Here’s how I look at it:
If you always follow through with your commitments and be there when your partner needs you, that’s the definition of a trustworthy partner.
Not only that, when you’re consistently reliable, your partner will feel a sense of security in the relationship.
If you think about it, it’s really not that complicated and doesn’t need to be grandiose – just keep your word.
“Call when you say you will. Show up when you say you will. Deliver what you say you will. Inconsistency destroys trust and trust is the foundation of all relationships.”
– Paul Carrick Brunson
7) Being touchy-feely
Another thing that we need to be consistent with to retain the strength of our relationships is physical affection.
Remember when you first started dating and couldn’t get your hands off each other? The aim is to be as close to that level of intimacy as possible.
And it doesn’t always have to be sexual, too. Regular hugs, cuddles, holding hands, and random kisses on the cheek will do the trick.
And don’t just take my word for it. Let’s look at what the experts say:
A Harvard Health article showcases a study about the effects of non-sexual intimate touch on 184 couples. The study results suggested that the more often people expressed affection, the more likely they were to feel happy in their relationships.
Another study suggested that the more couples hug or touch, the more content they usually are with their partner and the less insecure they are in their relationship.
There you go. Science has given you the license to be as touchy-feely as you want with your beau.
“Touch has a memory.”
– John Keats
8) Balancing the “me” and the “we”
I know I just said try to bring back that can’t-take-my-hands-off-you physical intimacy, but I should also emphasize the importance of being apart to pursue individual interests.
Have quality time together, but have time apart, too. Use this time to pursue hobbies that make you happy, and let your partner do the same. Go shopping with the girls and let him have a game night with the boys.
Being one with your partner doesn’t mean always doing the same activities, having the same interests, and sharing the same opinions. That’s just a recipe for boredom and, dare I say it, a doomed relationship.
Sure, a beautiful and strong relationship has shared goals and experiences. But you have to remember not to lose yourselves in the process.
Let’s look at Tom and Jerry, for example. Most people think of them as a pair – the cat and the mouse. But if you ask them which one’s the mouse, which one’s the cat, or which one’s Tom and Jerry, it will take them a while to distinguish between both.
See what I’m trying to say here?
You want to distinguish your personal identity from your shared identity. You want to make sure that you can still be identified as you even if you’re already part of an “us.”
“The best relationships are the ones where you don’t lose yourself while being a part of something great.”
9) Embracing a growth mindset
We’ve talked about identities, now let’s tackle mindset – a growth one.
So what does this mean in terms of a relationship?
Throughout your relationship, you are bound to face a lot of challenges. They won’t all be easy, but a growth mindset will undoubtedly give you the upper hand.
For example, a growth mindset will take disagreements as a chance to better understand each other.

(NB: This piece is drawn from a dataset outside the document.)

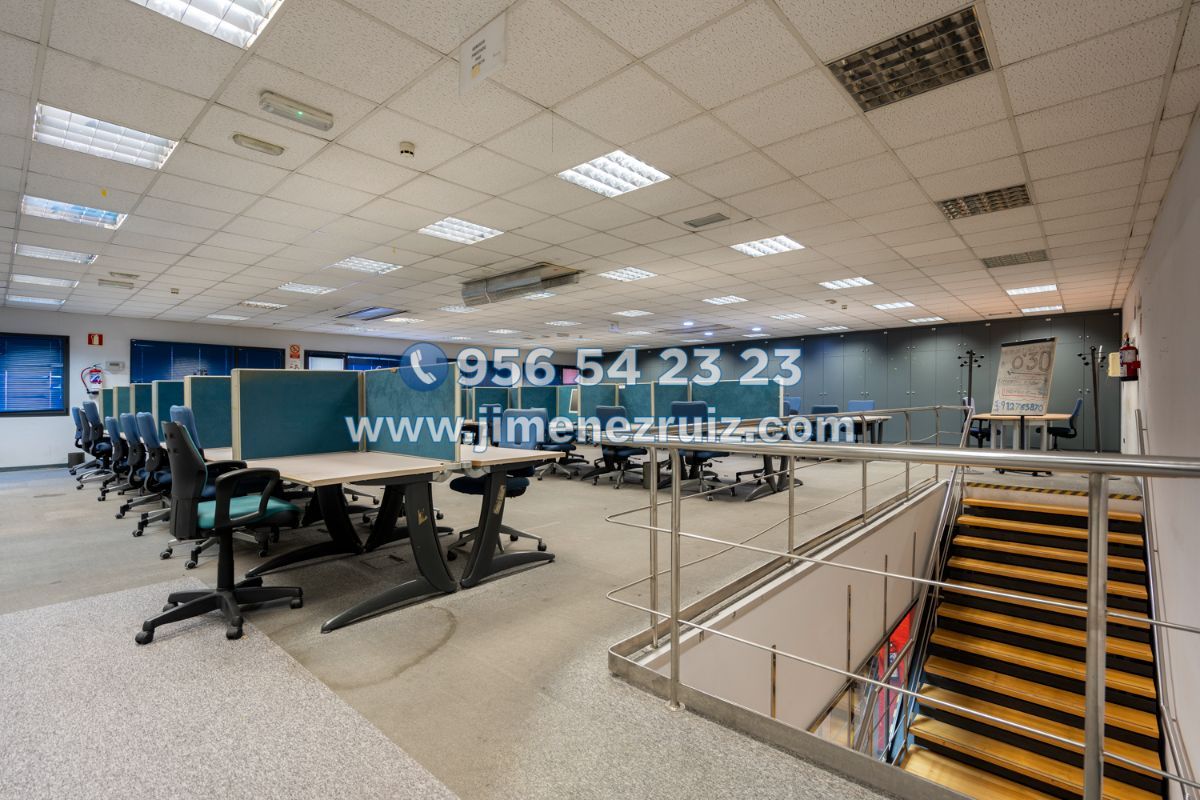 Venta de edificio en El Puerto de Santa Maria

The same mindset will help each partner realize their flaws and work on overcoming them.
This mindset will push both partners to cheer each other on as they aspire to achieve more – in their career and personal growth journeys.
This growth mindset will also push the couple to explore new experiences together and help them dwell on the positives whenever life throws them a curveball.
In short, a growth mindset welcomes change, celebrates imperfections, and nurtures love.
“In the context of a relationship, a growth mindset is the belief that the capacity to learn and grow exists in both partners.”
– Carol Dweck
Your love story is only as strong as your behaviors
There you go – 9 subtle behaviors that can make or break your relationships. It all comes down to love, understanding, mutual respect, a positive mindset, and trust.
On one final note, let me remind you:
Every relationship is unique. What works for you may not work for others.
But, at the end of the day, your actions write each chapter of your love story.